Von VW-RedaktionTagesaktuelle Informationen und Neuigkeiten aus der Versicherungsbranche. Alle Nachrichten des Tagesreports auch als Newsletter abonnierbar.
Die holländische Aegon baut ihre Schlagkraft im spanischen Bankenvertrieb deutlich aus. Gerade hat sie eine Ausweitung ihrer strategischen Allianz mit der Banco Santander in Spanien bekannt gegeben. Künftig werden auch über die Filialen der Santander-Tochter Banco Popular Policen der Aegon verkauft. Die Allianz verliert mit der Banco Popular einen wichtigen strategischen Partner.
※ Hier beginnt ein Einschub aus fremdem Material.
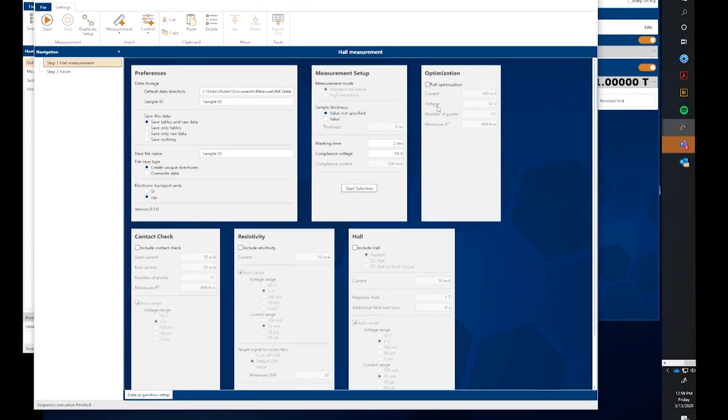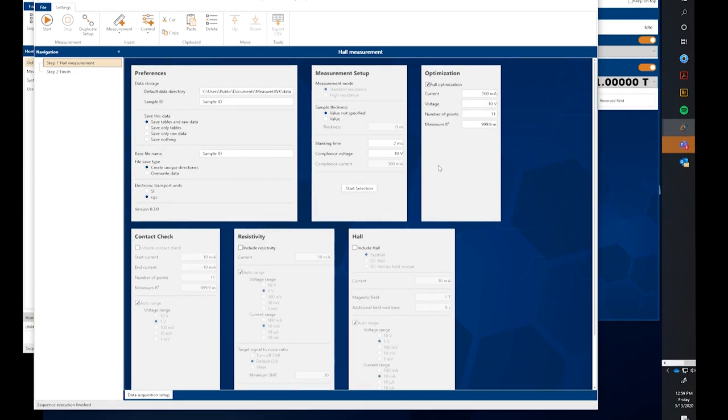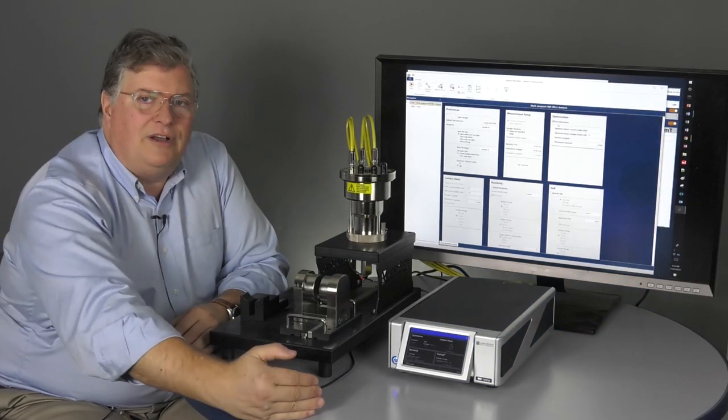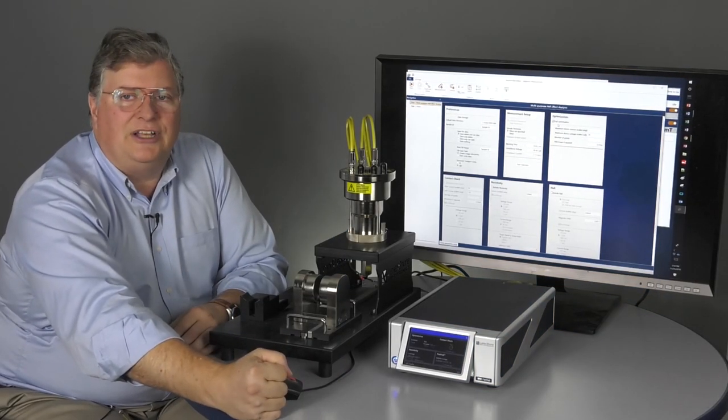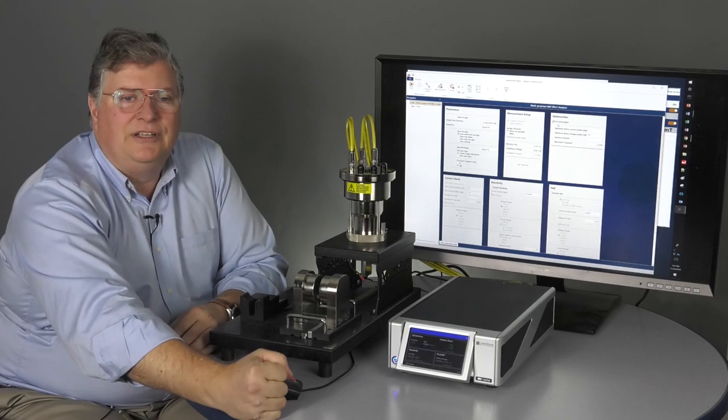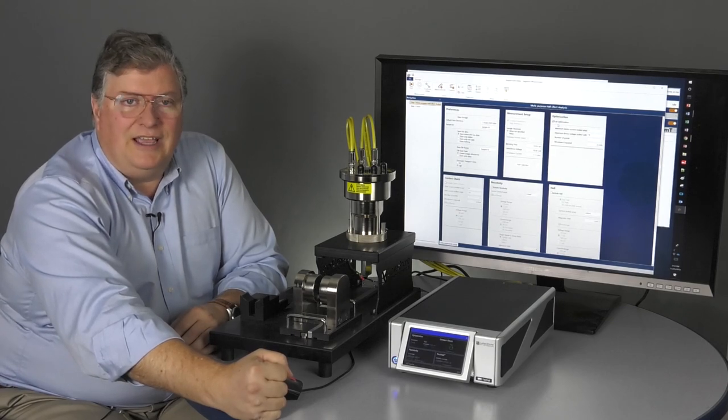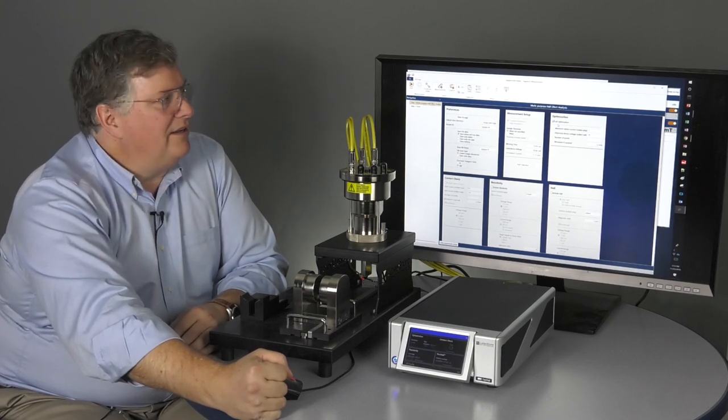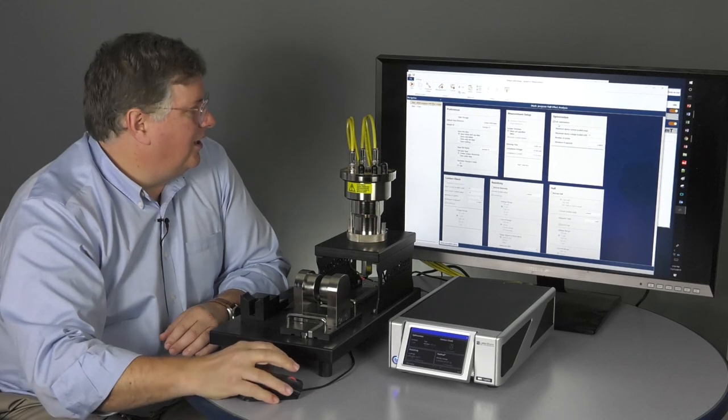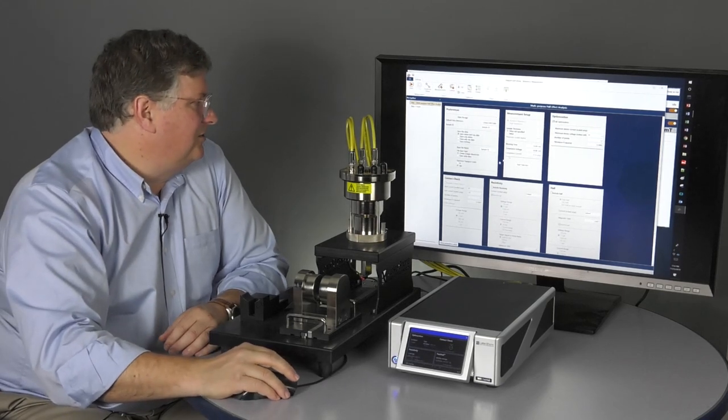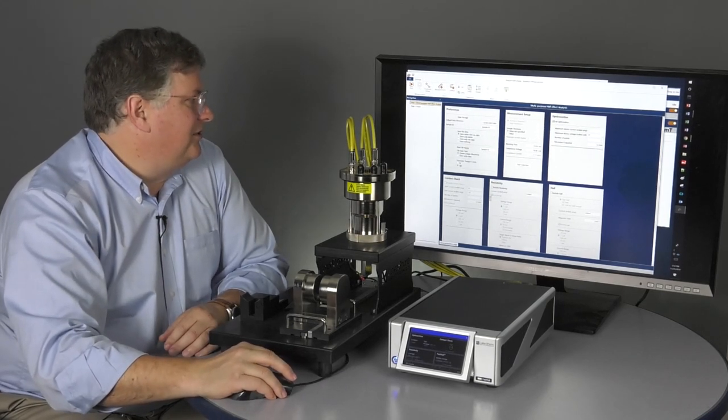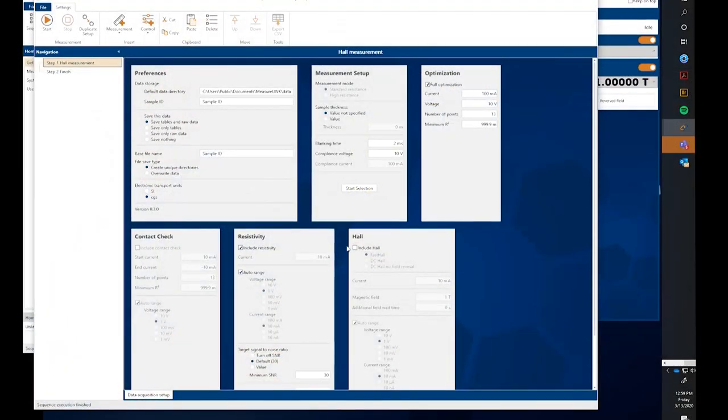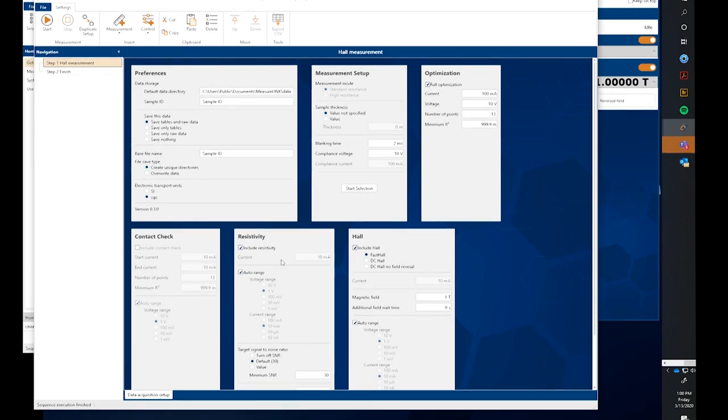The very nice properties of the M91 and therefore this tabletop system is the ability to optimize. This means we don't have to specify an excitation current. It will select, it will run a number of contact checks and allow us to optimize and select an excitation value for us. Then also, I'm just going to select resistivity and the hall.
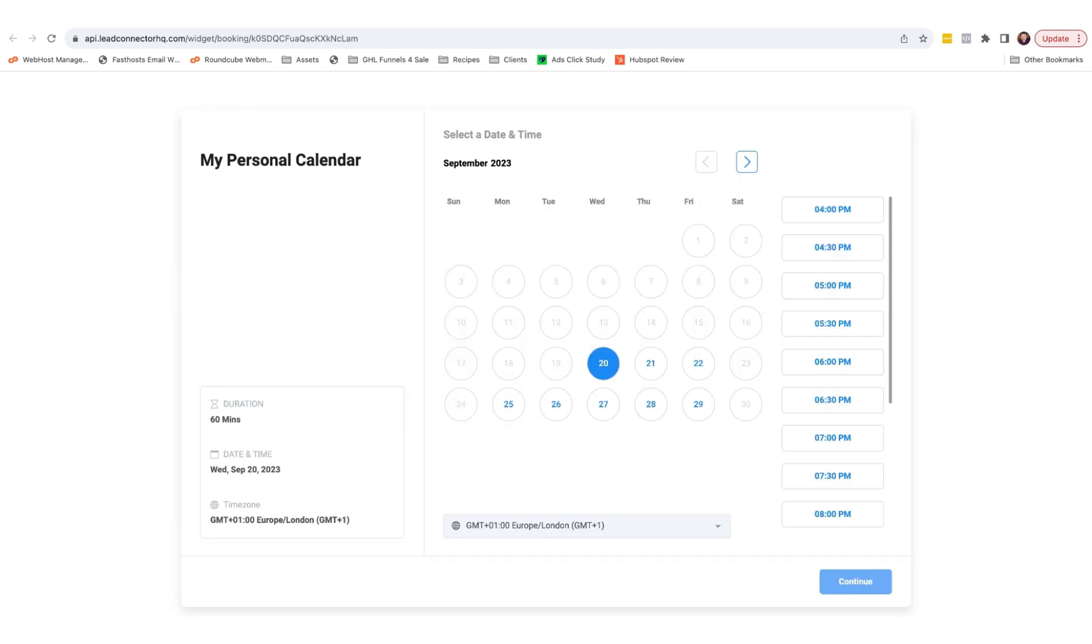And as you can see, here is the calendar in full. So we can send people directly to this link, or we can embed it on a WordPress website.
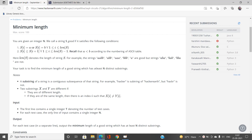We'll be talking about the problem Minimum Length of Good String from HackerEarth September 2021. Without wasting time, let me say upfront that we are going to use the binary search approach to find out the required answer. You have to recognize after reading the problem that this problem involves binary search to find the minimum or maximum value.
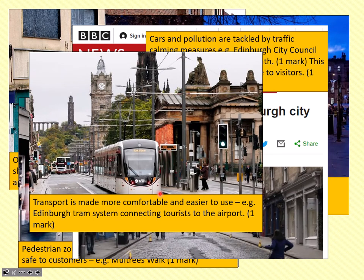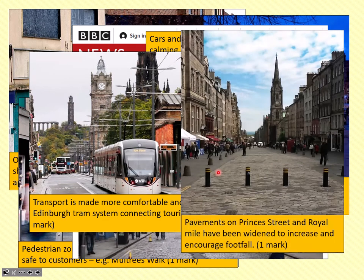Transport has been made easier to use and more comfortable. A good example is the Edinburgh tram system, which connects tourists straight to the airport, making it quicker and easier to get into the centre. Pavements have also been widened to increase the amount of space for footfall — shopping pedestrians. We've widened the pavements on either side and even pedestrianised the area in between in order to encourage and increase the number of people coming shopping.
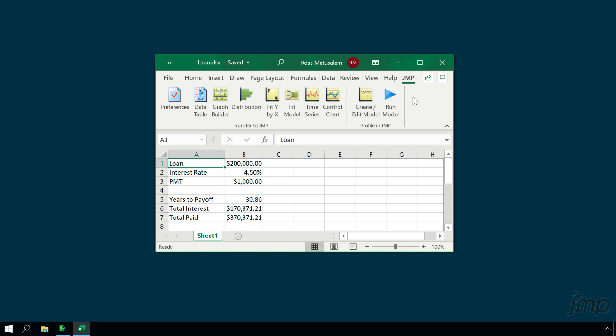The right section of the add-in, labeled Profile in JMP, allows us to visualize and explore Excel models with JMP's Prediction Profiler.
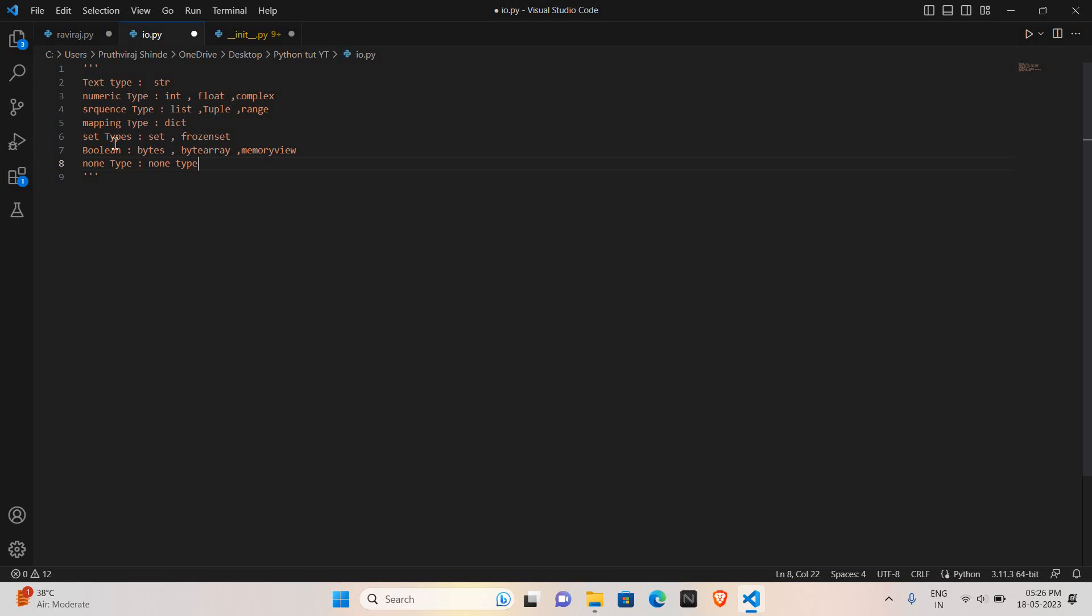So these are the datatypes: string, int, float, complex, list, tuple, range, dict or dictionary, set, frozen set, byte array, memory view, byte, and none type.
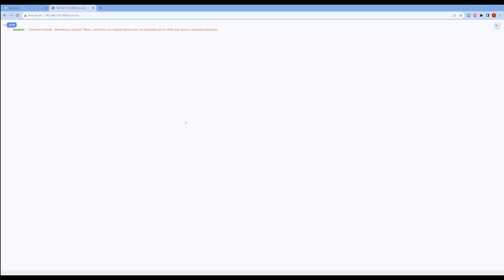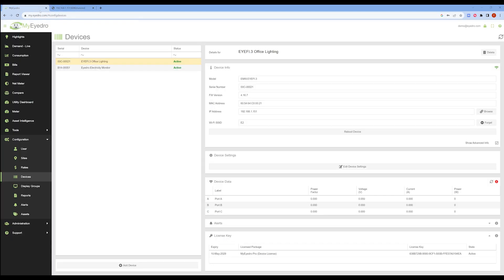The device will now attempt to connect to the provisioned network, and you are prompted by the page to log back into My Eyedro and verify the device is connected and active. It appears the provision was successful.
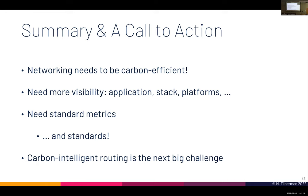Bilge from Meta asks whether carbon-efficient routing depends on the placement of routers and whether carbon-efficient router placement was considered. Noah clarifies that routing placement is constrained — if connecting from here to Oxford, the route must go to Oxford. There are questions about hot potato routing across multiple ISPs and whether a provider simply hands off traffic to minimize local energy, but this requires a longer discussion.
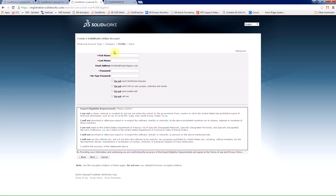Once we choose next, it's going to ask us for our first and last name and our password. Once you have entered this information, again, you'll choose next.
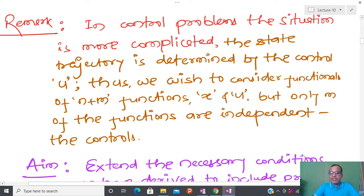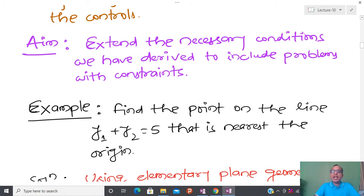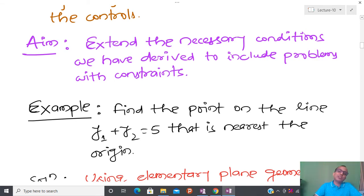The aim of today's lecture is to extend the necessary conditions we have derived to include problems with constraints. So far in the calculus of variations lectures, we have not talked about any constraint. Today I will first show how to minimize a function when constraints are present, and once we understand this concept, I will extend the same approach to when a functional comes into picture.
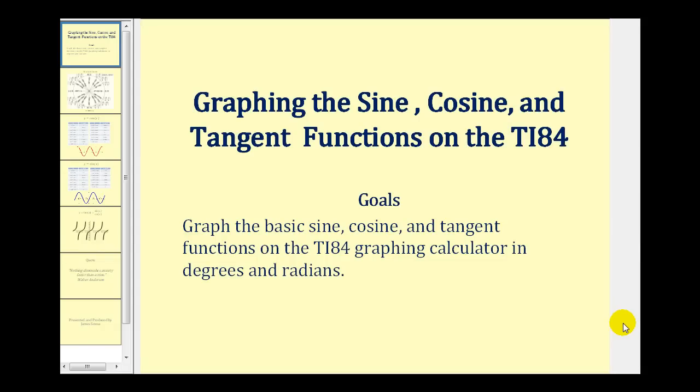Welcome to a lesson on graphing the sine, cosine, and tangent functions on the TI-84 graphing calculator.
Die Ausweitung der strategischen Allianz sieht den Verkauf von Policen in der Risikolebensversicherung und spezifischen Zweigen der Nichtlebensversicherung über die Filialen der Banco Popular vor. Die Banco Santander hatte die in finanzielle Schieflage geratene Banco Popular in 2017 für einen symbolischen Preis von einem Euro übernommen. Die Aegon zahlt an die Banco Santander für die Erweiterung der Partnerschaft einen Festpreis von 215 Mio. Euro. Hinzu kommt ein variabler Betrag von 75 Mio. Euro, der an die Erfüllung von Geschäftszielen in den kommenden fünf Jahren gebunden ist.
"Ich bin hoch zufrieden mit der Erweiterung unserer existierenden Partnerschaft mit der Banco Santander, durch die wir Zugang zu weiteren vier Millionen Kunden in Spanien bekommen", sagt der CEO der Aegon, Alex Wynaendts. Das strategische Bündnis mit der Banco Santander existiert bereits seit 2012. Der Aegon hat der Policenverkauf über deren Bankschalter nach eigenen Angaben im Zeitraum von 2014-2017 ein durchschnittliches jährliches Wachstum der Bruttoprämien von zwölf Prozent beschert. In der spanischen Assekuranz werden 73 Prozent der Policen in der Lebensversicherung und 13 Prozent in der Nichtlebensversicherung über die Bankschalter verkauft.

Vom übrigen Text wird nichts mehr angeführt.